We accuse women of being perverse; yet their perversity is as nothing compared to ours. They are only perverse as to facts (being told to do one thing they do another ; but we men are perverse about an idea, about a fancy of our own, simply for the pleasure of it. Consider my case. The woods were more attractive than the route de Suresnes ; I intended to go into the woods; I wanted to go into the woods; yet because my mind was made up to go, I found a guilty pleasure in sitting down here and putting it off.

" I will just wait," I said apologetically, "until something happens; then I'll go."

What if nothing did happen? Impossible. You might as well fear that nothing will happen in a play, that the hero will have no adventures, that the heroine will marry some one else and go to live somewhere off the stage before the third act. The Bois is just a play. You might as well fear that nothing would happen in a fairy tale. The Bois is a fairy tale, — a seventeenth-century French fairy tale, one of Madame d'Aulnoy's or Monsieur de Caylus's — remember, when you speculate on what kind of thing will happen.

The spring breeze was fresh and imperious. It tumbled the yellow curls of a little four-year-old American boy who was playing near me, and kept his English nurse patting at her unbeautiful coiffure. It ruffled the parasols in the carriages, and annoyed especially one horsewoman who bent her head now and again to meet it as she cantered by. She was a wonderful little creature, demimondaine from the tip of her little American shoe to her mass of bronze hair (like that of the Botticelli Venus) and the tiny man's hat that surmounted it. But demi mondaine or duchess, she sat her horse well. So much cannot be said of her cavalier, a gray-haired man of about fifty, who trotted uncomfortably a hundred feet behind, as though he had been a groom instead of the financier who could have bought his companion three times over, that he probably was. As for her, she rode ahead cruelly, with never a look behind. But only a little way past my chair she raised her head unwarily, and a sharper gust of wind than any yet caught hat and bronze hair, swept them swiftly off, and dropped them limply to the ground. I heard a cry from beside me, and withdrawing my eyes for a moment from the stage, I saw the little boy with the yellow curls standing, his face set, his eyes wide with horror at the spectacle of so much suffering. He raised one hand to his own locks;—they were still safe. A spectator, stepping out, picked up hat and wig, and handed them soberly to the cavalier, who accepted them with imperturbable gravity, and trotted off after his inamorata. (She would wait for him now, I thought.) The last episode was too much for the English nurse, who broke into hearty British laughter. But the boy turned on her in a flash, his eyes ablaze with anger.
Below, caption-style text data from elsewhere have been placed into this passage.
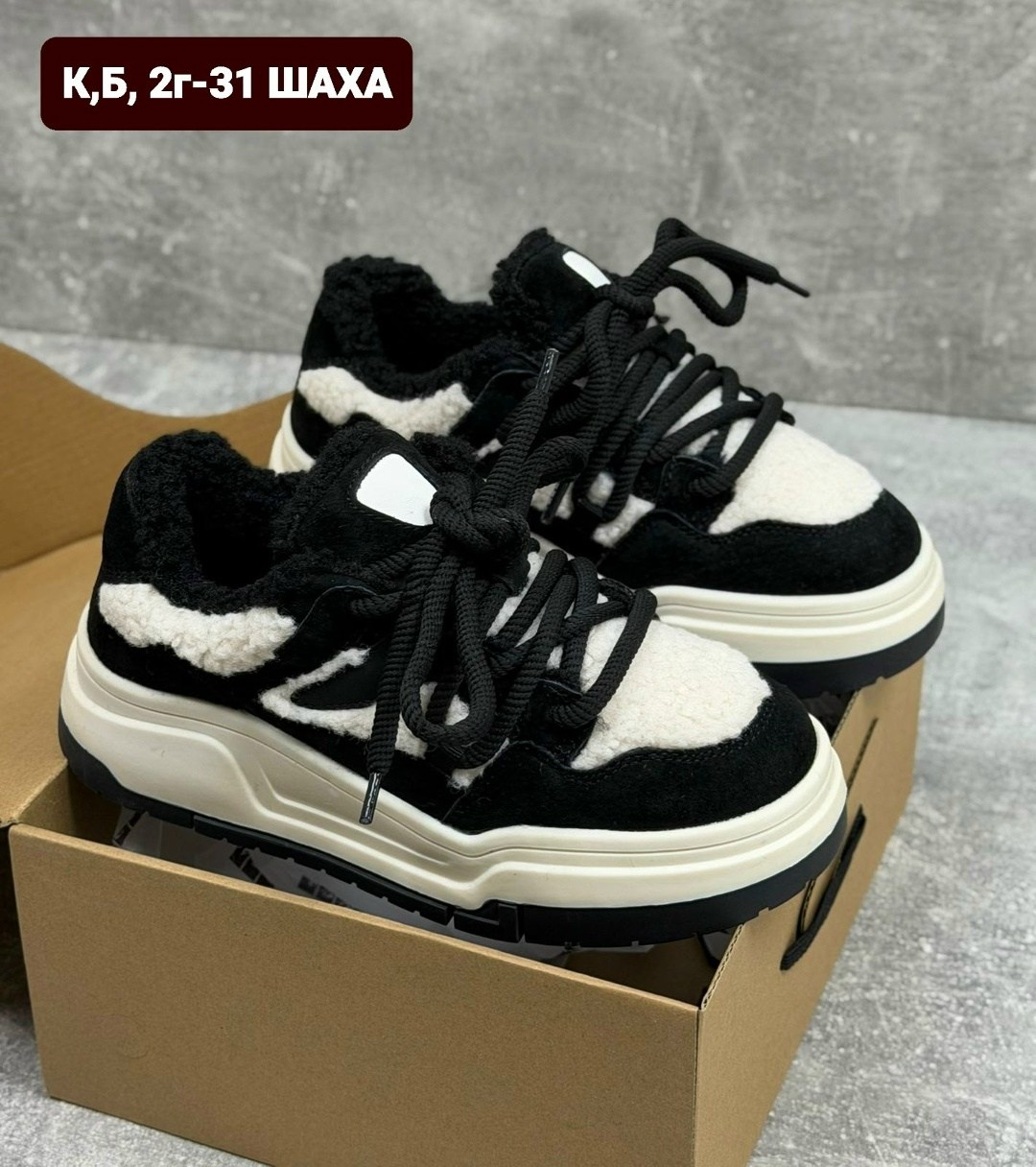 кроссовки женские,,кроссовки,массивные кроссовки,кроссовки черные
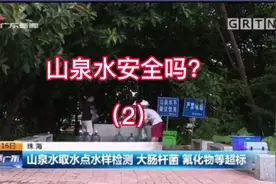 媒体权威披露~“喝山泉水不安全（2）”视频封面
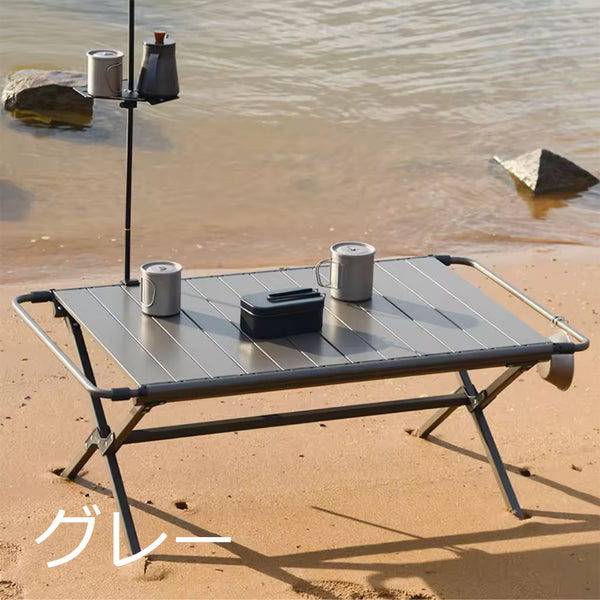 SHINECRAVE アルミエッグロールテーブル 収納バッグ付き 防水 軽量 105cm 拡張可能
" You muth n't laugh, nurthe ! " he cried, stamping his small foot. It ithn't funny ! it ithn't!"

I should like," I reflected as I rose, "to know that child's mother. She must be the only woman in Paris who wears her own hair ; and living in Paris, she would not do that unless it were beautiful."
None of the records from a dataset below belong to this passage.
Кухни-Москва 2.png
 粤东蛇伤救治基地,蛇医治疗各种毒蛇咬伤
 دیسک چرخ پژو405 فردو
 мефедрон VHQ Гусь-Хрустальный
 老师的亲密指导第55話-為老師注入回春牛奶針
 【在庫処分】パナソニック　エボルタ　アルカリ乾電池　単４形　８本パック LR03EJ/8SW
All manner of paths lead off from the route de Suresnes at this point,— paths that run parallel with the road, diagonal paths, paths that begin to meander before they have gone six rods. I took one that plunged straight in and, like an enchanted flight of steps, led me at once from the brilliant confusion of the highway into a different world, a world of soft, half-audible sounds, of gold light and green shadows. Sometimes through the trees to right or left I would get a swift glimpse of a white gown or catch the mur-mur of words; but the path itself was quite deserted. Above, in the sunlight, the top leaves of the elms and maples were like stained glass. There are no other woods so green as the French woods; for in France not alone the foliage of the trees, but their trunks, are green,—a dull moss-color. In one place the path was all in darkness; farther on it was a brook of sunlight, with a long shadow lying across it like a bridge. High up the gusty spring wind caught at the tops of the trees, and set them rustling almost articulately ; but here below there was only a futile baby breeze, full of a hundred childish impulses that came to nothing. It tried daintily to blow the shadow away, and failing, danced off to other absurdities.
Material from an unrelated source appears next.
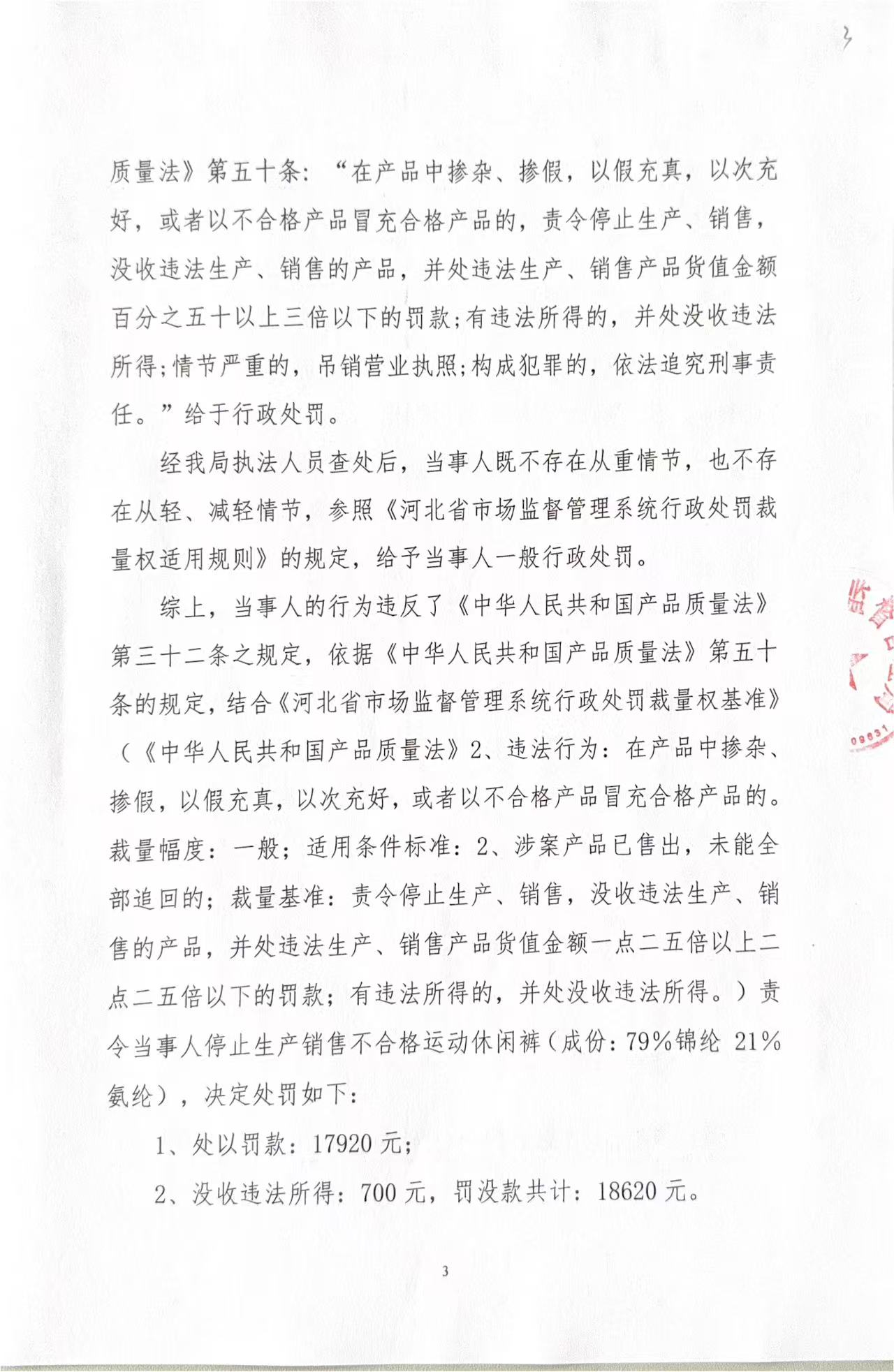 585号 (3).jpg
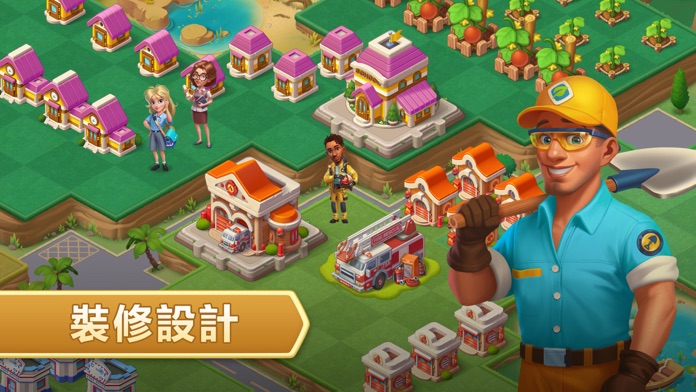 合成神奇島游戏截图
The path stopped abruptly; but from a little green circle of open ground in which it ended two others led away, to right and left. It occurred to me after a moment's hesitation that, if I walked in turn a little way down each, I should surely find something to direct my choice. The right-hand path offered a butterfly and a pair of lovers ; but I had not gone far along that to the left, when I caught, faint but sweet, the scent of acacias. I hurried on swiftly. I had forgot-ten : it was mid-May, and the wonderful trees that give the Allée des Acacias its name would be in bloom there and in the woods all about it.

Where the delicate odor was strongest and the blossoms lay thickest, I paused. Everywhere the white petals were drifting slowly down. They were falling all around me; I felt one brush my cheek softly. They had covered the ground with a white foam. It fairly snowed blossoms. And their fragrance hung like a faint mist over every-thing. As I lifted my head to inhale more profoundly their perfume, I felt the breath suddenly choke in my throat, and my eyes grow hot with tears. I am not ashamed to write of it ; for if one is not to feel his eyes wet in the sadness and wistfulness of the perception of perfect beauty, then indeed aspirations are dead, a Beethoven symphony becomes only an exercise in harmony, and we must weep other and bitter tears at the world's sterility.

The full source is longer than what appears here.